Generation of simple adversarial images

This was done on the MNIST dataset using an architecture defined by Michael Nielson (obtains 96% test accuracy without pooling/convolution layers or advanced activations).

alt_text

Non-targeted adversarial image with label 4 but is predicted as 2

Non-targeted images were obtained by initially generating a random uniform array equivalent to the image size, and then performing forward/backpropagation on the generated image and then performing gradient descent to minimize the difference between the targeted label and currently predicted label.

alt_text

Non-targeted adversarial image with label 4, but is predicted as 9

Targeted images are obtained by minimizing the difference between the adversarial image generated with a sample image in the dataset (with the required class) in addition to that done above. This means that this method needs access and knowledge of how the classifier/dataset works.

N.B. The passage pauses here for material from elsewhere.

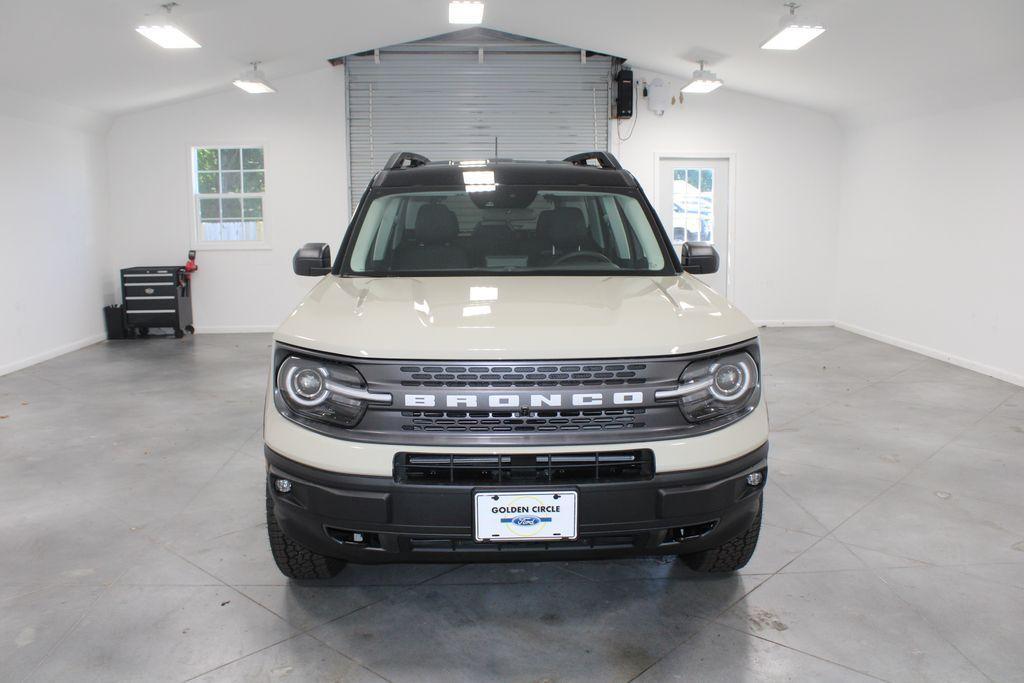 new 2024 Ford Bronco Sport car, priced at $39,403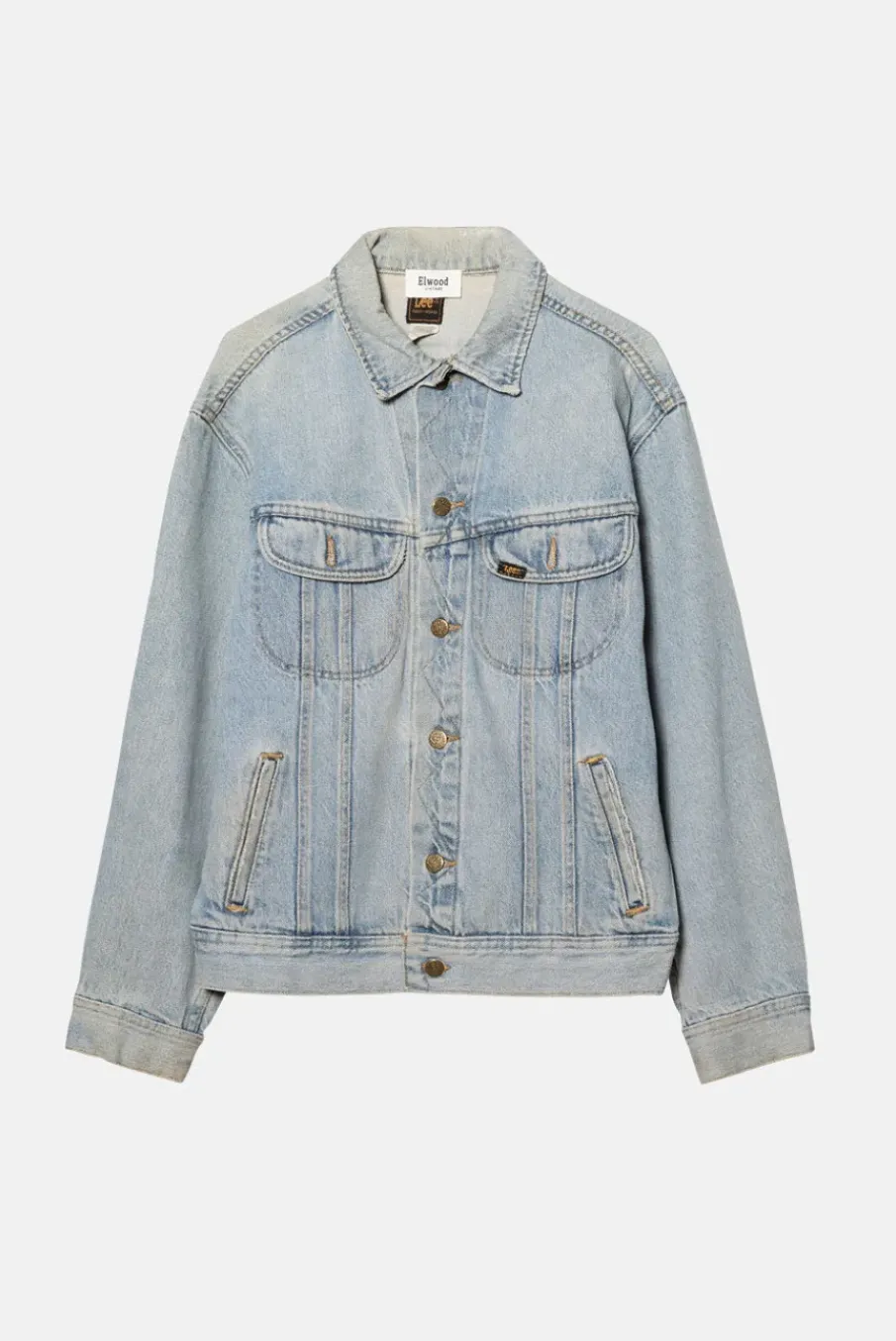 VINTAGE LEE DENIM JACKET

The adversarial images were analyzed on a convolution neural network trained on the MNIST dataset separately (with a 99% test accuracy). It was seen that most of the adversarial images (both targeted and nontargeted) were incorrectly classified even after several runs. The feature map for the network that is fed an adversarial image is seen below for for the first two activations and shows difficulty in understanding/obtaining proper features to learn from an image that looks like a '4'.

alt_text

A simple way of successfully classifying adversarial images would be to retrain the network for another iteration on the generated "fake" images given correct classes.